Hekaton Part 5: Native Procedures

One in a series of posts about Microsoft’s In-Memory OLTP Functionality

Now we come to one of the Hekaton components that is really quite cool but that I haven’t found a practical use for. Not even once.

Natively compiled stored procedures.

The cool part is that they can be really, really fast. They can be orders of magnitude faster than traditional interpreted procedures. The not so cool part is that they support only a very, very limited subset of T-SQL.

Let’s demonstrate.

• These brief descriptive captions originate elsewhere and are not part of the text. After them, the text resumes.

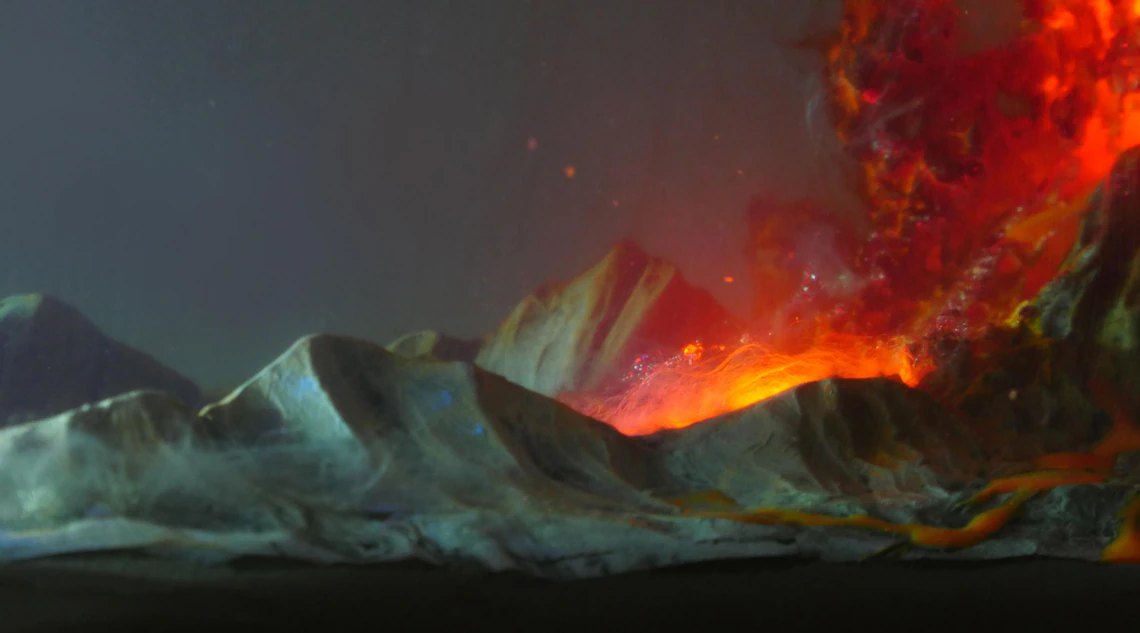 Mountain range and lava glow inside the volcano resin lamp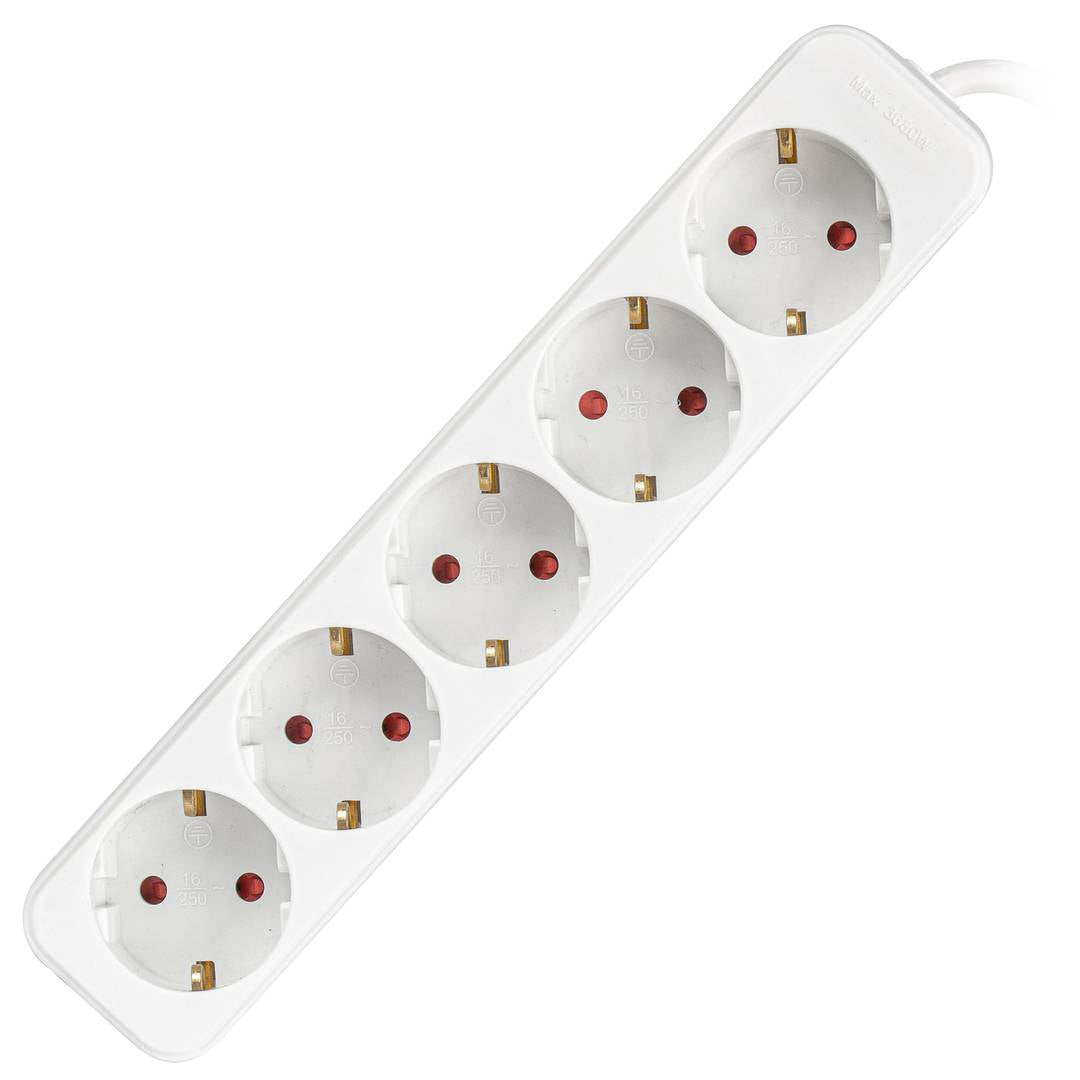 Regleta de enchufes 5 schuko 10A cable 1.5 metros blanco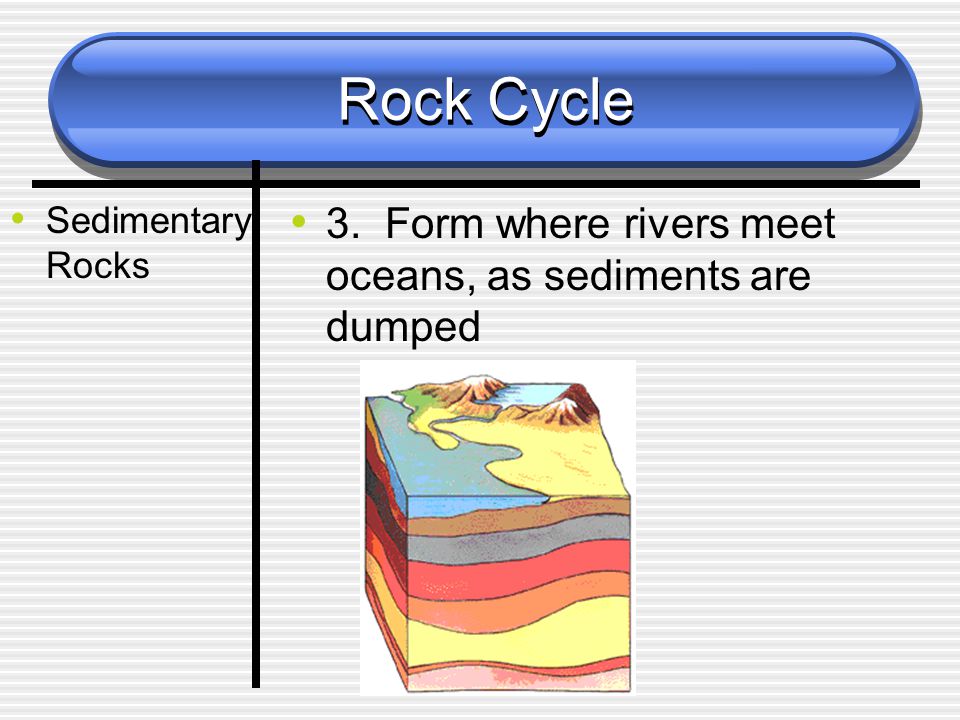Rock Cycle Sedimentary Rocks 3. Form where rivers meet oceans, as sediments are dumped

First, we’ll create a new table and add a couple of rows.

if exists (select * from sys.tables where name = 'Product')
	drop table dbo.Product;
create table dbo.Product
(
	ProductID int not null,
	Description nvarchar(500) not null,
	UnitPrice money not null,

	primary key nonclustered hash (ProductID) with (bucket_count = 1048576),
	index idx_Product__UnitPrice nonclustered (UnitPrice)
) with (memory_optimized = on, durability = schema_and_data);

-- Populate a few rows into the table

insert dbo.Product (ProductID, Description, UnitPrice)
values (1, 'Gizmo', 34.00),
	(2, 'Whatzit', 16.00);

Now can create a natively compiled stored procedure to update the table. This isn’t going to demonstrate speed, but it’s just to show the general idea (and the general awkwardness of the syntax).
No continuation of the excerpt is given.